Your instructions: Would you return the entries exactly, with every line intact?

Data for the task:
⁂
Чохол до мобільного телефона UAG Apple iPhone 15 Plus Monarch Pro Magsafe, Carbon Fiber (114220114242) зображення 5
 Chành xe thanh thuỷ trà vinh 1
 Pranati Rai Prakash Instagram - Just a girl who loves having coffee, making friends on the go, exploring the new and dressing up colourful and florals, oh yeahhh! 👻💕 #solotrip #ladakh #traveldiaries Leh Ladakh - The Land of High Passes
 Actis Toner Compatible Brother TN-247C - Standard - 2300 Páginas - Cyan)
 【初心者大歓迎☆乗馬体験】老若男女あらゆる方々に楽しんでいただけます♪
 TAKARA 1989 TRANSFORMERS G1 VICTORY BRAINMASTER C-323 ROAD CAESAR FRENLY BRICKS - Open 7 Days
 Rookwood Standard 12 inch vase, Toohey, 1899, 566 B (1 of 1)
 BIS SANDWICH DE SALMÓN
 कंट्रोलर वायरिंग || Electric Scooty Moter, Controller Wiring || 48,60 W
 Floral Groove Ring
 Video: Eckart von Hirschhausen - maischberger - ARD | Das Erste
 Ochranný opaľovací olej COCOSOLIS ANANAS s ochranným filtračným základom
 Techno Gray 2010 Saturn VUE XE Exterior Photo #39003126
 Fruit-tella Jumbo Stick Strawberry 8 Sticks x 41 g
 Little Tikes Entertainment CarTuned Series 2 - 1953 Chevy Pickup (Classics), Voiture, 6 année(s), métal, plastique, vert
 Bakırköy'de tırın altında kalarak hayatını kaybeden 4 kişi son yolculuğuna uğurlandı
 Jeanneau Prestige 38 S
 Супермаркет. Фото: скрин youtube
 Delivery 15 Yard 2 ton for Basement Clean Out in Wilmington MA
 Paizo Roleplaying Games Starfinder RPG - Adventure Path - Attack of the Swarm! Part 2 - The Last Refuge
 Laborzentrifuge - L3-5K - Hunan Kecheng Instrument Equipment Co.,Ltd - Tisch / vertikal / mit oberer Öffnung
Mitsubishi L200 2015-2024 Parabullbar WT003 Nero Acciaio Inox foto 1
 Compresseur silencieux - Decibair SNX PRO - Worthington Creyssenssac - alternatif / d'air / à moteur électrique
⁂
The completed task:
Чохол до мобільного телефона UAG Apple iPhone 15 Plus Monarch Pro Magsafe, Carbon Fiber (114220114242) зображення 5
 Chành xe thanh thuỷ trà vinh 1
 Pranati Rai Prakash Instagram - Just a girl who loves having coffee, making friends on the go, exploring the new and dressing up colourful and florals, oh yeahhh! 👻💕 #solotrip #ladakh #traveldiaries Leh Ladakh - The Land of High Passes
 Actis Toner Compatible Brother TN-247C - Standard - 2300 Páginas - Cyan)
 【初心者大歓迎☆乗馬体験】老若男女あらゆる方々に楽しんでいただけます♪
 TAKARA 1989 TRANSFORMERS G1 VICTORY BRAINMASTER C-323 ROAD CAESAR FRENLY BRICKS - Open 7 Days
 Rookwood Standard 12 inch vase, Toohey, 1899, 566 B (1 of 1)
 BIS SANDWICH DE SALMÓN
 कंट्रोलर वायरिंग || Electric Scooty Moter, Controller Wiring || 48,60 W
 Floral Groove Ring
 Video: Eckart von Hirschhausen - maischberger - ARD | Das Erste
 Ochranný opaľovací olej COCOSOLIS ANANAS s ochranným filtračným základom
 Techno Gray 2010 Saturn VUE XE Exterior Photo #39003126
 Fruit-tella Jumbo Stick Strawberry 8 Sticks x 41 g
 Little Tikes Entertainment CarTuned Series 2 - 1953 Chevy Pickup (Classics), Voiture, 6 année(s), métal, plastique, vert
 Bakırköy'de tırın altında kalarak hayatını kaybeden 4 kişi son yolculuğuna uğurlandı
 Jeanneau Prestige 38 S
 Супермаркет. Фото: скрин youtube
 Delivery 15 Yard 2 ton for Basement Clean Out in Wilmington MA
 Paizo Roleplaying Games Starfinder RPG - Adventure Path - Attack of the Swarm! Part 2 - The Last Refuge
 Laborzentrifuge - L3-5K - Hunan Kecheng Instrument Equipment Co.,Ltd - Tisch / vertikal / mit oberer Öffnung
Mitsubishi L200 2015-2024 Parabullbar WT003 Nero Acciaio Inox foto 1
 Compresseur silencieux - Decibair SNX PRO - Worthington Creyssenssac - alternatif / d'air / à moteur électrique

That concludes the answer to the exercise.